Read more: Human battles machine in JGB market.
Recent political developments are accelerating the potentially inflationary dynamics. Prime Minister Sanae Takaichi has called the 8 February election as parties lean into tax cuts and spending pledges. Fitch says the election-linked fiscal expansion is being watched but remains consistent with its A rating and stable outlook for Japan; S&P rates Japan A+ (stable), and Moody’s keeps it at A1 (stable).
Yet bond vigilantes have plenty to ponder. IMF data put Japan’s general government gross debt at 237% of GDP in 2025, versus 121% for the US, 101% for the UK, 113% for France, 135% for Italy and about 64% for Germany. Modest yield shifts have a large impact on the potential coverage ratio.
Yet, data sourced from the Japanese Securities Dealers Association and Tradeweb shows that rather than stress yield spreads have contracted on average in 2025 as volumes have stayed elevated in the cash market.
This average viewpoint is very different from the daily stress experienced by Japanese dealers.
Niwa said: “In dealer to customer electronic reauest for quote (RFQ) flow for JGBs, these conditions [current selloff] led to materially wider prices; at times, execution was difficult on both price and size.

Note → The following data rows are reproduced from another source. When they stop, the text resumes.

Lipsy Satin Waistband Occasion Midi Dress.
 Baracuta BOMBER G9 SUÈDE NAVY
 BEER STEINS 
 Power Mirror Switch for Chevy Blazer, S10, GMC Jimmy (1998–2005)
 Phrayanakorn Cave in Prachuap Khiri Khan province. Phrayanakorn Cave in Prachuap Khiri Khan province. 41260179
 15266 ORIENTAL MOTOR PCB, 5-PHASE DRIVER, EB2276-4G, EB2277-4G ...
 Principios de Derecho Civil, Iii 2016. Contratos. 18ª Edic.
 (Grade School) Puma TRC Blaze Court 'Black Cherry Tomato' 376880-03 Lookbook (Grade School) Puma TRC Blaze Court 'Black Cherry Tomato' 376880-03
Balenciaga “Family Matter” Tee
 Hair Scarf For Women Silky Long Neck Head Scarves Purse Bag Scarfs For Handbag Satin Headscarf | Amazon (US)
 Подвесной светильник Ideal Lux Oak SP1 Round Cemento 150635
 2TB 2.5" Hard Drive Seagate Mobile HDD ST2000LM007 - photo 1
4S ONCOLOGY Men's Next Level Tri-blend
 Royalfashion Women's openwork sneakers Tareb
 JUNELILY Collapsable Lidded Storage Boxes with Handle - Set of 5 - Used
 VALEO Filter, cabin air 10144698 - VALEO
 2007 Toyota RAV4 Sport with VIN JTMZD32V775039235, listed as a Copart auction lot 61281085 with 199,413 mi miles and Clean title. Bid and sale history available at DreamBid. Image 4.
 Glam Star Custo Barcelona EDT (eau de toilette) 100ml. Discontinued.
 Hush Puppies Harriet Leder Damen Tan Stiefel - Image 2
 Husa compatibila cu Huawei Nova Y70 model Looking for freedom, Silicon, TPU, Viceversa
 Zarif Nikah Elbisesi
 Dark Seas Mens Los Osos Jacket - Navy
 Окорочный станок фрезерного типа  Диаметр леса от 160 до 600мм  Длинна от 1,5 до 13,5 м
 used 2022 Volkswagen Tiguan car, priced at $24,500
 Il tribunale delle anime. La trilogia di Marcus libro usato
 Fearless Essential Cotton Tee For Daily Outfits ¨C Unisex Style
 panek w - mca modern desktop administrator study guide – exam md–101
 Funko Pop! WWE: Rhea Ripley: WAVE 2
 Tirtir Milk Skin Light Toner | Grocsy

With higher volatility, many dealers turned off auto‑pricing or set it extremely wide, increasing the share of manual quoting; that also contributed to the conditions.”
The Japanese Ministry of Finance draft FY2026 budget raised the assumed interest rate used for debt-service projections to 3.0%, the highest in nearly three decades and has debt-servicing costs at ¥31.3 trillion, up 10.8% year-on-year. Against a general-account budget of ¥122.3 trillion, debt service is now a quarter of planned spending
So why has the one-way JGB market not yet meaningfully impacted global risk assets? Macro managers told The Desk that spillovers tend to arrive through funding and hedging channels first. Repatriation by Japanese investors is typically staggered and often hedged, so the impact shows up in the marginal price of duration and in cross-market funding rather than in an immediate risk assets’ drawdown.
Another macro hedge fund manager also told us global markets have lived with higher rates elsewhere, and the absolute yield is not yet screaming danger.